Statistical Process Control (SPC) is a method of analysing real-life data (typically the output of a process), that is taken over a period of time (and is therefore called a time-series) and automatically determining if the resulting process is under control or “out of control”.

A good description of what it is, is presented on this Wiki page

http://en.wikipedia.org/wiki/Control_chart

An example of the web application output is shown below

The blue line are your data points, the green line is the median point for your data, and the red lines are positioned a certain number of standard deviations away from the median. If the blue line crosses the red line at any point is means the process went out of control at that moment in time and you should try to analyse why that is (perhaps in a brain-storming session). The data for the above graph is shown below.

2010-05	62
2010-06	46
2010-07	22
2010-08	42
2010-09	84
2010-10	43
2010-11	39
2010-12	25
2011-01	22
2011-02	31
2011-03	33
2011-04	33
2011-05	21
2011-06	20
2011-07	20
2011-08	17
2011-09	34
2011-10	30
2011-11	60
2011-12	26

You can copy this data directly into the NavWin web application, into the box marked Paste Data Below. Set the Chart Width and Chart Height to the size in pixels. Press the Create Chart button and finally press the Update Control Point button.

Although it sounds like this type of analysis would be extremely complex, the actual calculation is extremely simple. It is more a leap of faith as to whether you are going to accept the information as useful or not. Personally I find it generally reliable.

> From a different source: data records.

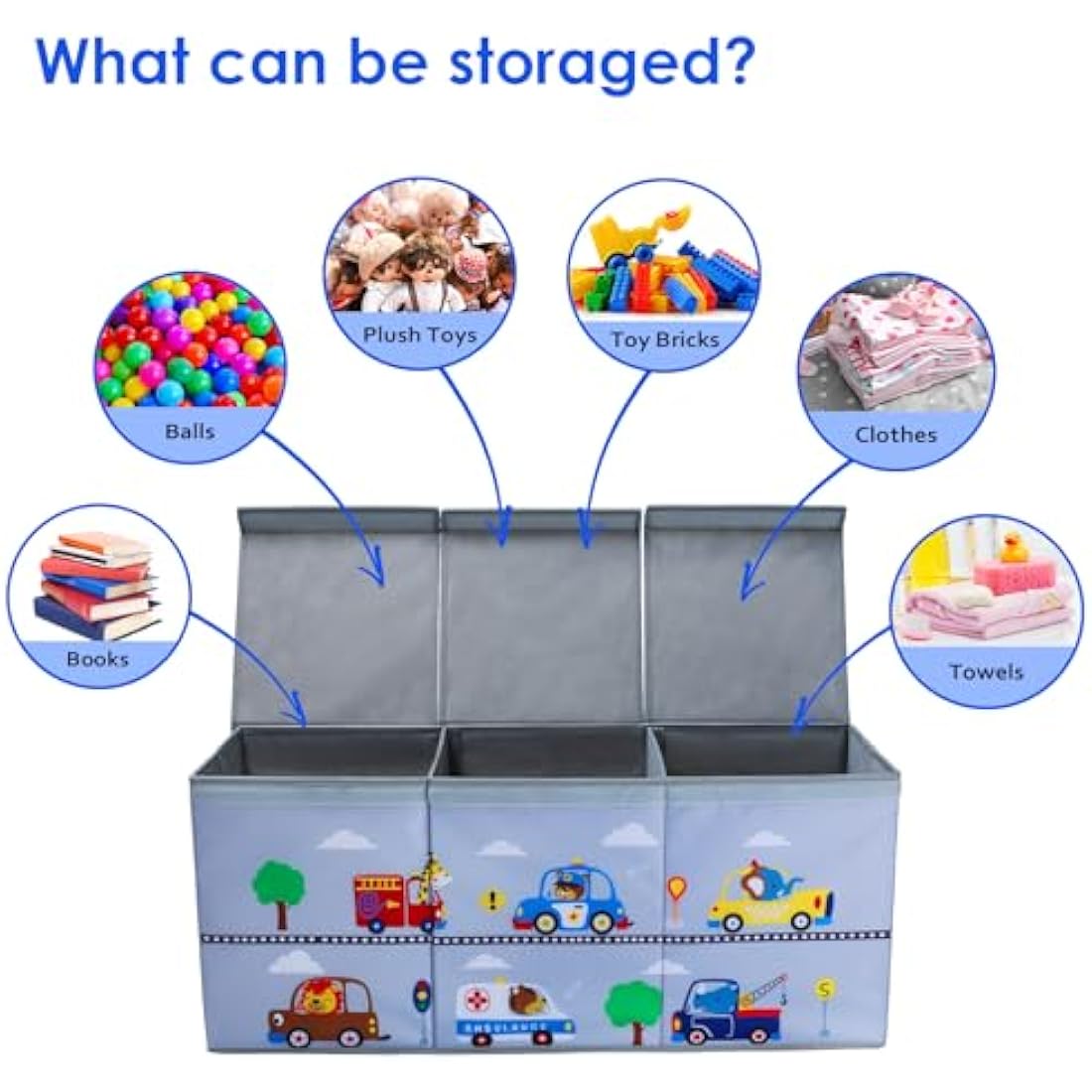 Decalsweet Extra Large Kids Toy Storage Box with Lid,Foldable Oxford Toy Storage Organizer Box for Boys-96×32×40cm-Toy Chest with Handles for Bedroom Nursery,Animal Car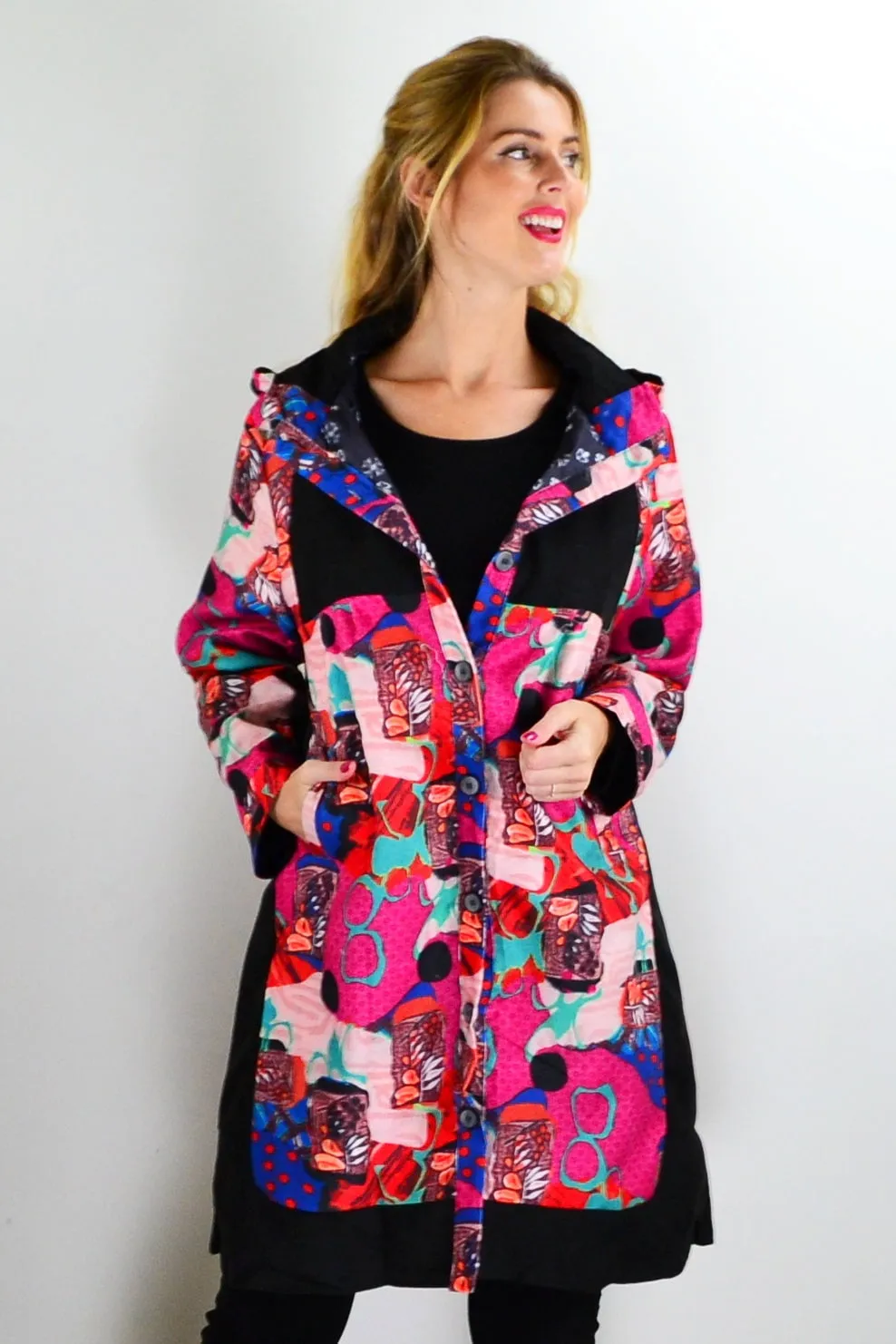 Abstract Print Fuchsia Corduroy Jacket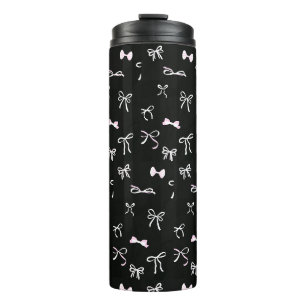 MODERN STYLISH CUSTOMIZED YOUR OWN BOW BLACK THERMAL TUMBLER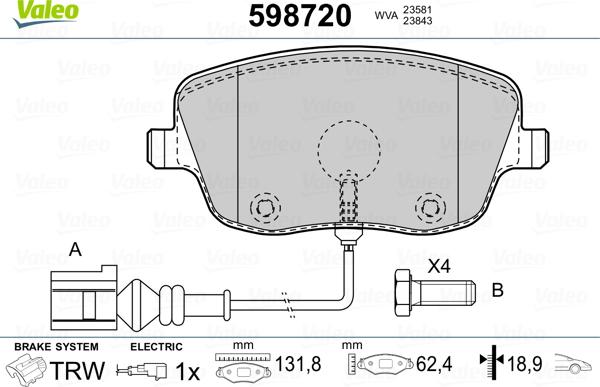 Valeo 598720 - Тормозные колодки, дисковые, комплект www.autospares.lv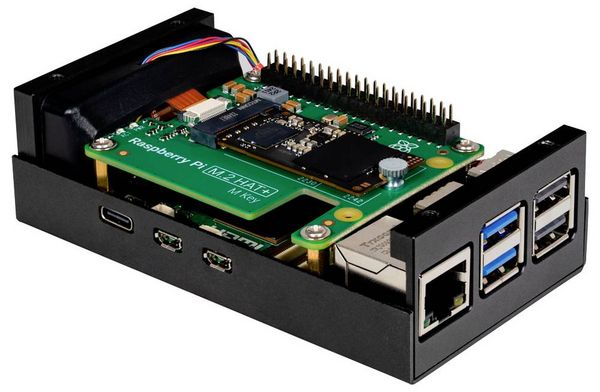 Produktbild: Joy-it ALU CASE for Pi5+M2 HAT / AI Kit SBC-Geh&auml;use Passend f&uuml;r (Entwicklungskits): Raspberry Pi&reg; 5 B inkl. aktiven K&uuml;hler Schwarz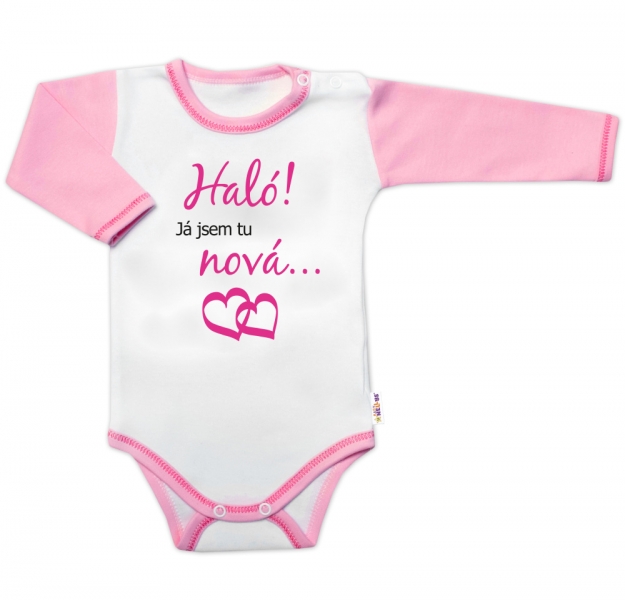 Body dlouhý rukáv s vtipným textem Baby Nellys, Haló! Já jsem tu nová, vel. 80, holka, Velikost: 80 (9-12m)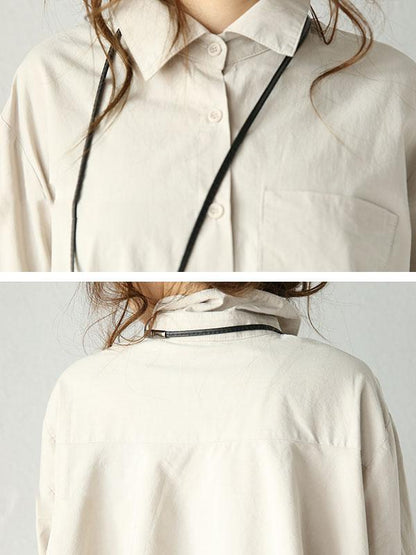 Cotton Loose Single Breasted Polo Collar Patchwork Double Layer Khaki Shirt
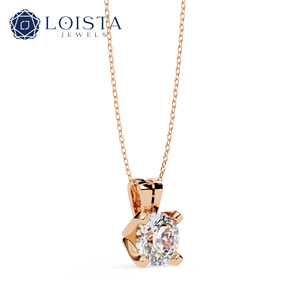 Collier pendentif solitaire en argent sterling 925 avec diamant de laboratoire taille brillant rond, certifié IGI, pour femme - Product Image 3
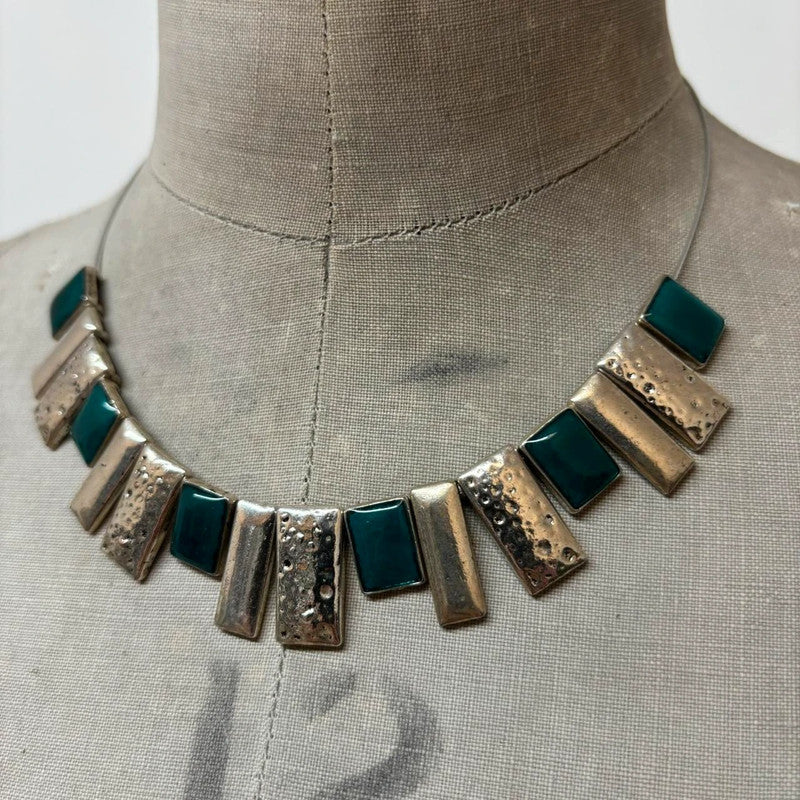 square metal geometric necklace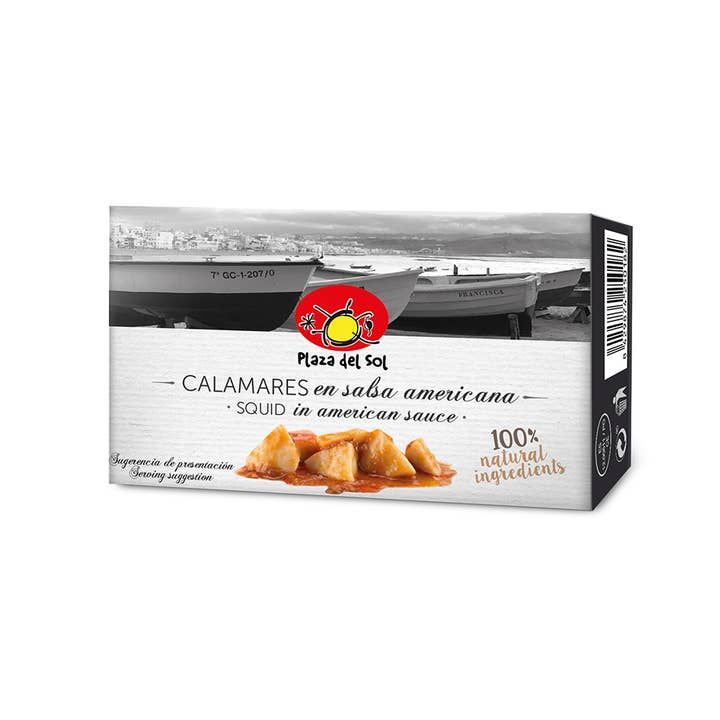 Calamari (Pezzi) in Salsa Americana 115g per la vendita all'ingrosso da parte di Plaza del sol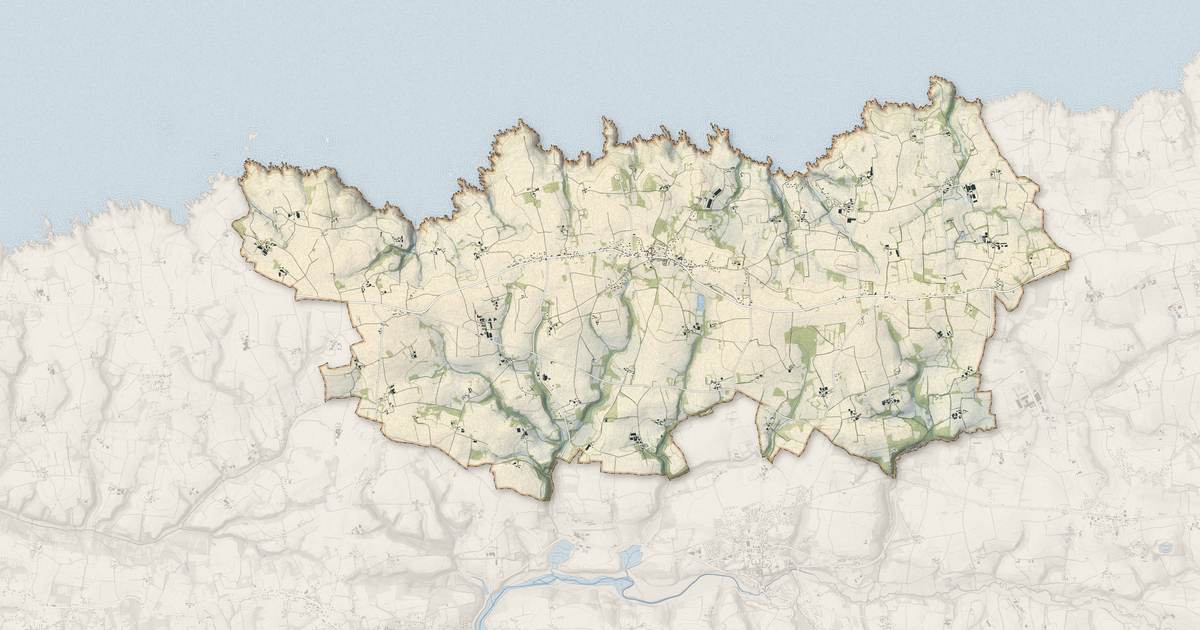 Portrait cartographique de Beuzec-Cap-Sizun : relief, eau, forêts, bâti et voies, calculés à partir des données de l'IGN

The calculation used on this website is called the I-MR or sometimes X-MR (or Imr or Xmr). X stands for the set of individual data points {x} and MR stands for moving range. This technique was established in the 1920’s and used empirical data from thousands of real-life processes to work out an inherent rule of stability that applies to all complex processes (in particular complex processes involving people). The technique is meant for any discrete data. The data distribution (e.g. Gaussian, Poisson) is irrelevant.

The actual technique is meant to utilise two graphs (the X and the MR). However, for the sake of simplicity we only calculate the X part. If you want to get really serious and try to predict the moment when a process is about to go out of control; then use the MR chart also.

Is your process under control?

The key question this chart tells you is whether or not you are in control of a process you run. The results apply to any process; you just need to provide the time data. In addition, the chart can tell you when you lost control of a process so you can analyse what went wrong at that time.

Can you improve your process?

If you accept the results of the chart (and many managers will accept them), then you can easily demonstrate whether or not certain process changes are actually effective or not. In particular, you can demonstrate whether someone’s great new idea, which seemed to show big improvements in output, was actually well within the normal output fluctuations of the underlying process. Unfortunately, the person who you just brought down to earth will not thank you for it, especially if that person is your boss. Some forward thinking bosses are the exception.

Changing a process is hard

In general, once you have your data and your chart, it is very hard to make significant long term improvements by making small, weak-willed, low commitment changes. To break an established process out of a long term cycle usually requires some drastic effort and some big change to the way you work. You have to think out of the box. To break the cycle, it forces you to evaluate every part of your team behaviour, and strip away the ineffective activities and keep the good ones. It usually takes months so be prepared for the long haul.

The main thing now is that you can finally measure the impact of each process change as you apply them. Try not to do them all at once!